Alors qu’Ousmane Sonko se rendait au tribunal pour répondre à une accusation de diffamation, des violences ont éclaté entre manifestants et forces de l’ordre. À chaque sortie de Sonko, l’ambiance est électrique.
C’est, en théorie, l’avant-dernier acte du procès pour diffamation dans lequel Ousmane Sonko est attaqué par le ministre du Tourisme, Mame Mbaye Niang. Les avocats de l’opposant ont obtenu le renvoi du procès pour la troisième et dernière fois. La faute, selon le collectif d’avocats de Sonko, aux conditions réservées au maire de Ziguinchor. Trois des nouveaux avocats du prévenu ont tenté de rencontrer leur client, mais cela n’a pas été possible après que l’opposant a été bloqué à son domicile.
#Sénégal – Réaction 15 mars 2023
Nous avons reçu diverses alertes de leaders de Pasteef sur les restrictions de mouvement qui pèsent sur Ousmane Sonko et sa famille.

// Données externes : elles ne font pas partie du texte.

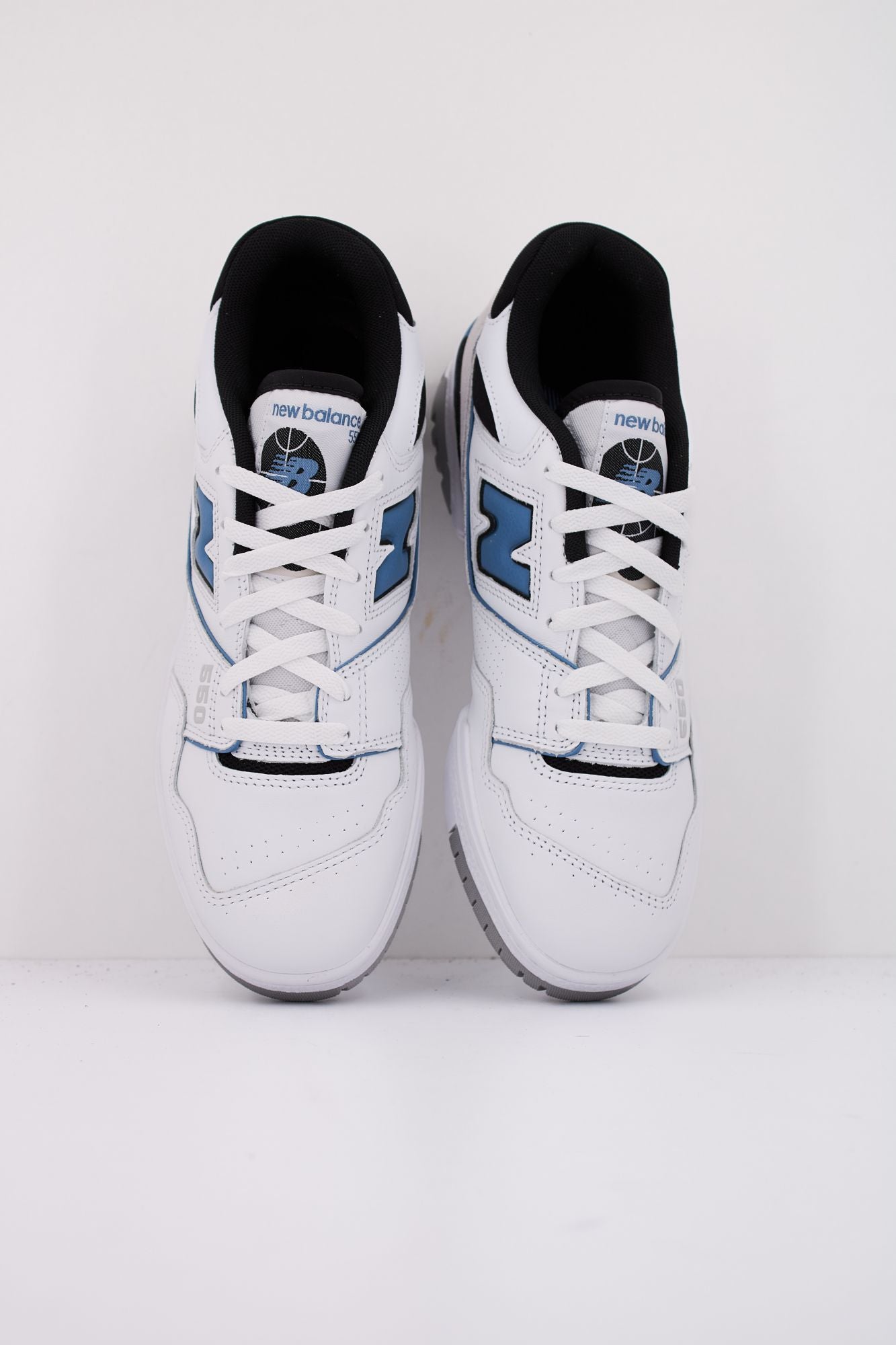 NEW BALANCE BB550 ESF en color BLANCO (3)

Les restrictions ne résultant pas de décisions judiciaires sont illégales et doivent cesser sans délai
— Amnesty Sénégal (@AmnestySenegal) March 15, 2023
« Complot politique »
Mais si le report a été accepté, c’est également à cause de la réponse des forces de l’ordre aux mouvements qui avaient lieu à l’extérieur : alors qu’ils étaient en route vers le tribunal, Ousmane Sonko et l’un de ses avocats auraient respiré des gaz lacrymogènes. Un médecin a établi que l’opposant ne pouvait assister de façon normale à son procès et a délivré un certificat médical.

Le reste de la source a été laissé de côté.